Let $a$ and $b$ be two unitary vectors in $\mathbb E^3$, and let $Q$ be an orthogonal matrix. Does the following hold?
$Qa \wedge Qb = \pm Q(a \wedge b)$
Let $a$ and $b$ be two unitary vectors in $\mathbb E^3$, and let $Q$ be an orthogonal matrix. Does the following hold?

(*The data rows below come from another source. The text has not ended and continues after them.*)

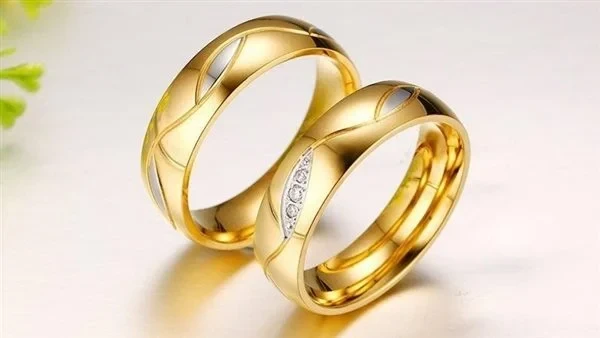 تفسير رؤية خاتمين ذهب في المنام للحامل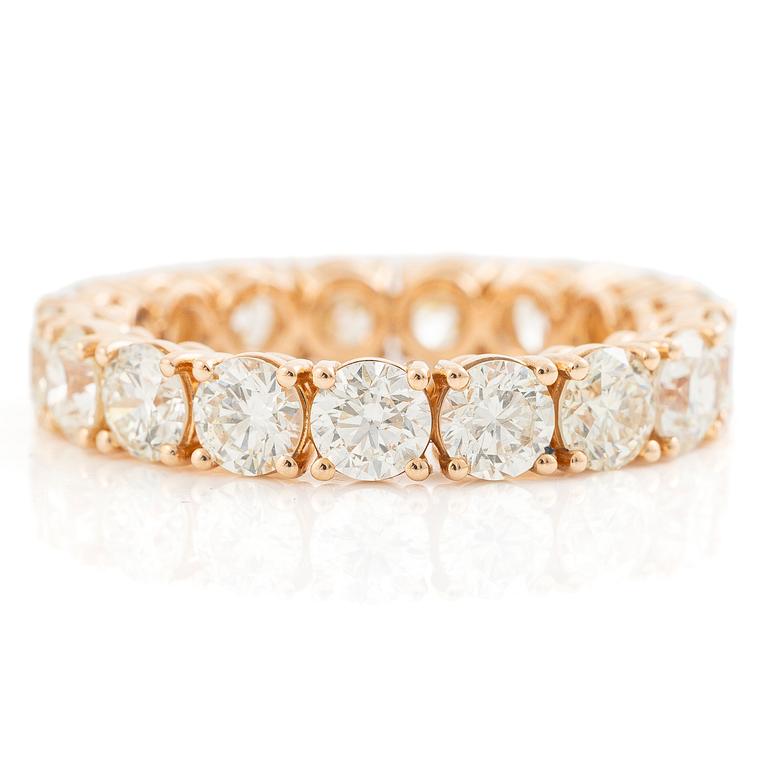 Full eternity ring in 18K rose gold set with brilliant-cut diamonds.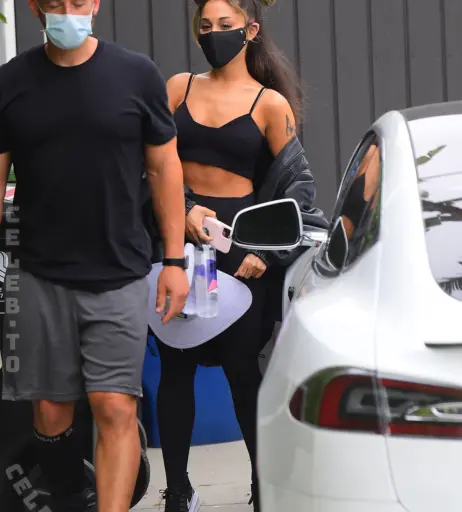Image 25151078 from Ariana Grande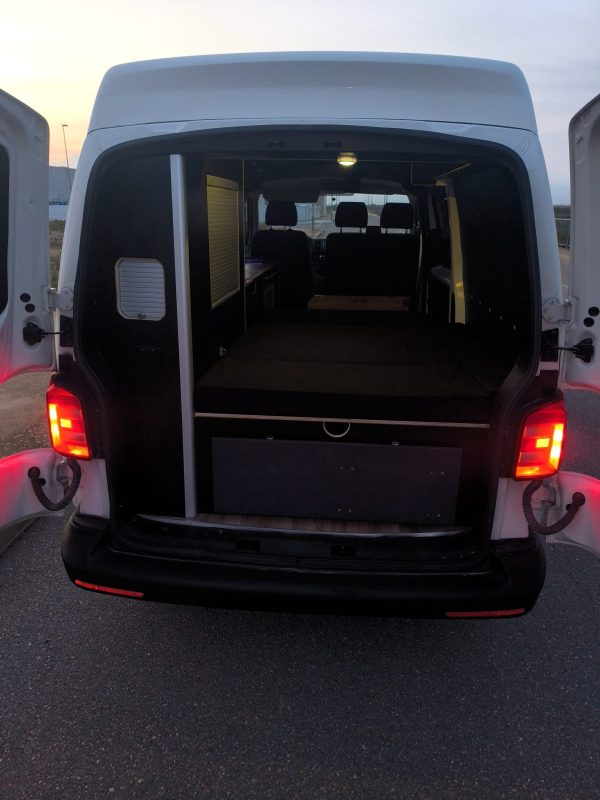 Volkswagen Transporter Camperizada – 2018 | 105cv | 140.000 km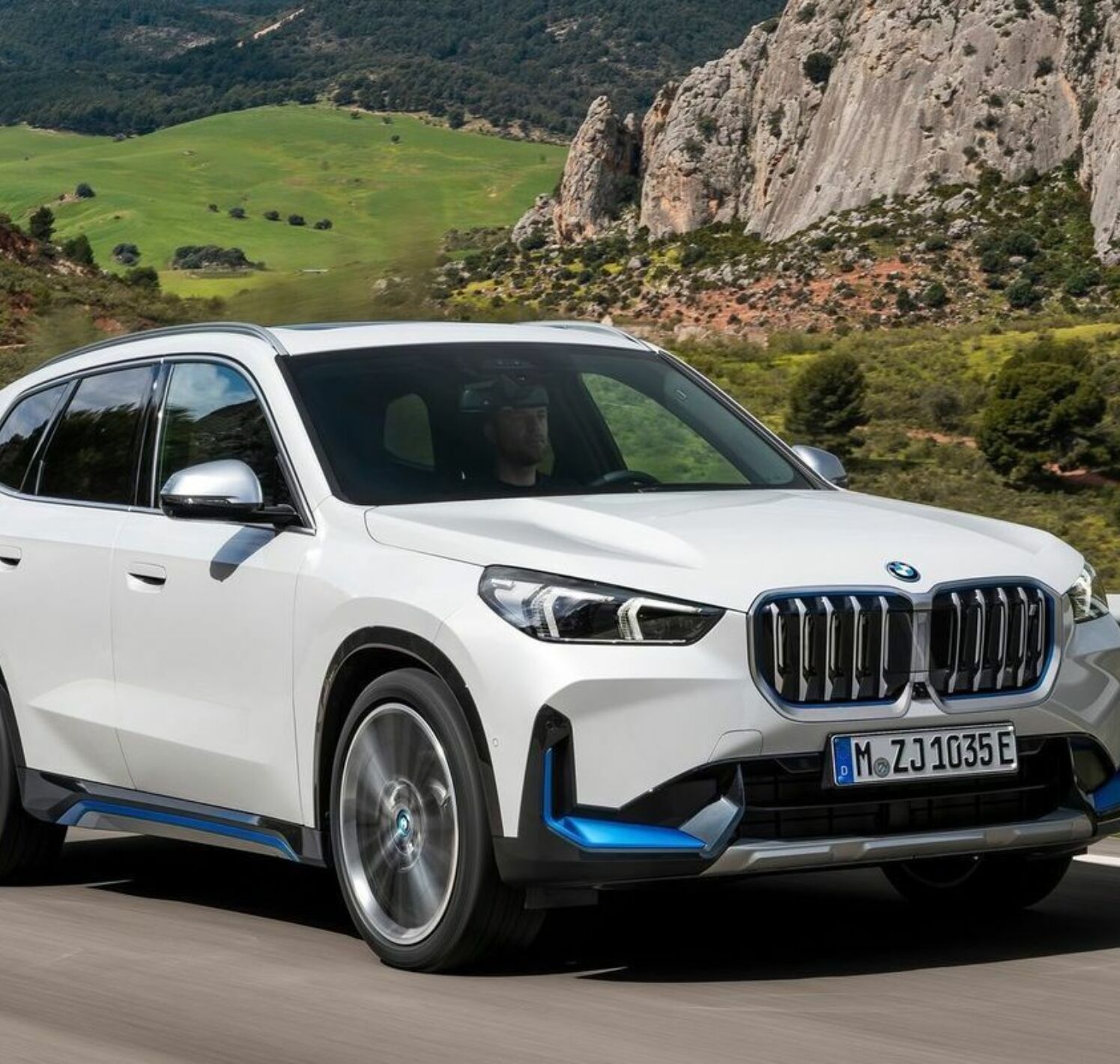 https://autofilter.sk/assets/files/images/ix1/gallery/Bmw-ix1-2022-30-galeria_2025-04-10-203607_livv.jpg - obrazok
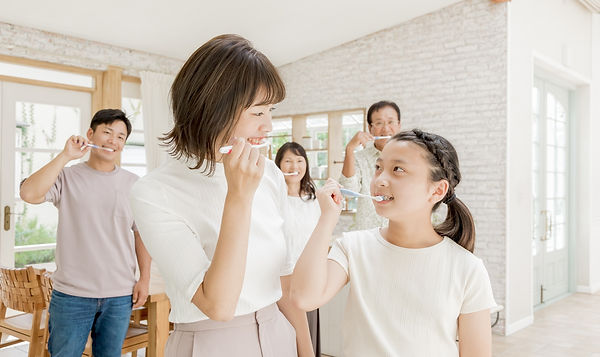 家族で歯磨き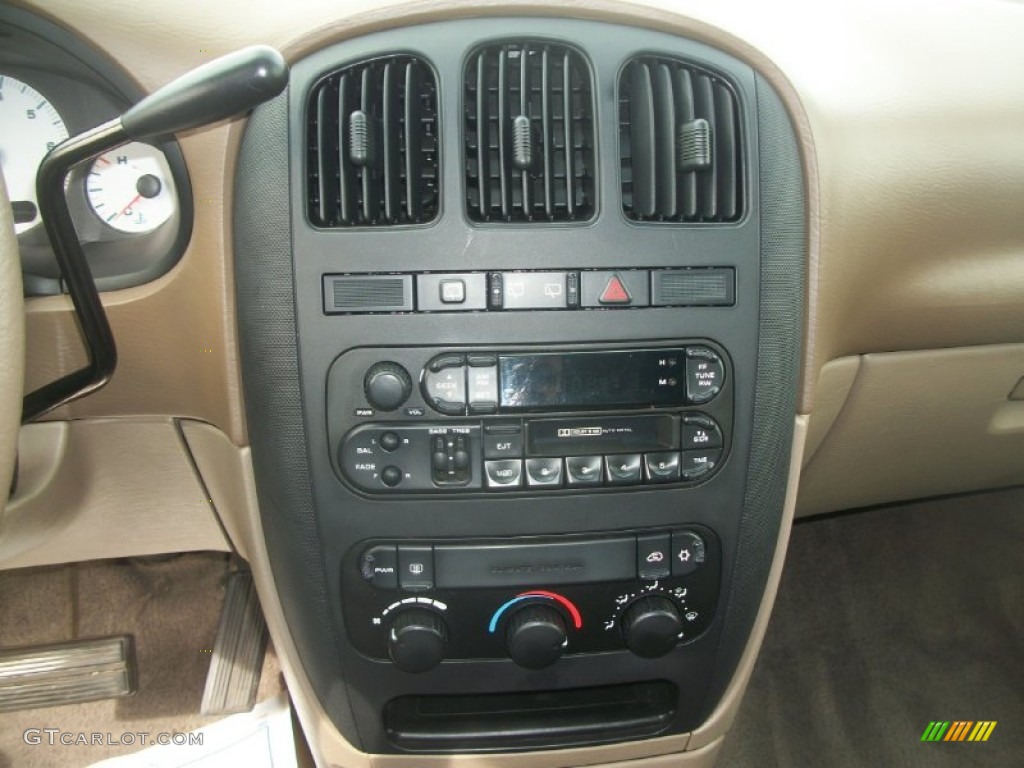 2001 Dodge Caravan SE Controls Photo #63630142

$Qa \wedge Qb = \pm Q(a \wedge b)$
I assume you mean the standard 3-dimensional cross product $\times$. Then, yes it holds for an orthogonal matrix. We can see this from the fact, that
$\mathbf{Qa}\times\mathbf{Qb}=(\det\mathbf{Q})\mathbf{Q}^{-T}(\mathbf{a}\times\mathbf{b})$
and the fact, that for an orthogonal matrix
$\mathbf{Q}^{-T}=\mathbf{Q}^{T^T}=\mathbf{Q},\qquad\qquad\qquad \det\mathbf{Q}=\pm 1$
But you can also reason this geometrically, by understanding the cross product of two vectors as the vector orthogonal to both of them. In this context an orthogonal matrix is equivalent to either a rotation or a reflection (depending on the determinant being 1 or -1). So the vector orthogonal to a roatated/reflected pair of vectors is the same as the vector orthogonal to the original pairs and then rotated/reflected, though when reflecting the cross product directly the sign changes (because when reflecting the original vectors we reflect two times).
The vectors needn't even be unitary, I think.